Though I was skeptic and $350 for an hour-long psychic/medium reading felt like a lot of money, I did not hesitate one bit. I believed every dollar was worth the gamble to prove their spiritual existence. A lot of time had passed since I initially found Tarra’s card and tape. But My intuition had been firing off spot on signs to me over the past few months and I knew it was time to call her. It was now October, 2008.

I remember the moment I found her info, the day Ellen explained Tarra’s s gift. That night I day-dreamed about what might happen if I called her, almost obsessing about the need to connect. But over time, I let go of the reigns to prove anything, perhaps scared of being let down, perhaps creating space for the perfect reason to reach out.

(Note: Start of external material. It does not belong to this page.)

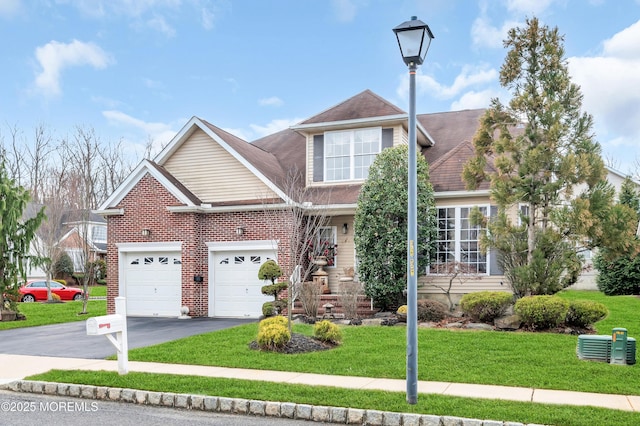 view of front of home featuring a front lawn, an attached garage, brick siding, and driveway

And then, the time felt right.

Since I had an upcoming Spiritual Adventure to Peru around the corner, I thought it would be a good time to speak with someone who called themselves a Spiritual Medium, calling from a place of curiosity and hope rather than desperation and need. As if by fate, the week I eventually called Tarra’s Arizona area code to inquire about a phone reading, happen to be the week before Tarra planned to be visiting San Diego to offer face to face readings with her usual California connections! I pinched myself with the crazy coincidence. Something had tugged at my heart and told me the time was right. If I’d waited a week, even a couple of days, to pick up the phone, chances are I’d have missed this opportunity. The only hour Tarra had available happen to be the following Monday, which happen to be the first day of my soon to be 10 week sabbatical. It felt like the stars were aligned, that our meeting was supposed to be happen at this point in time.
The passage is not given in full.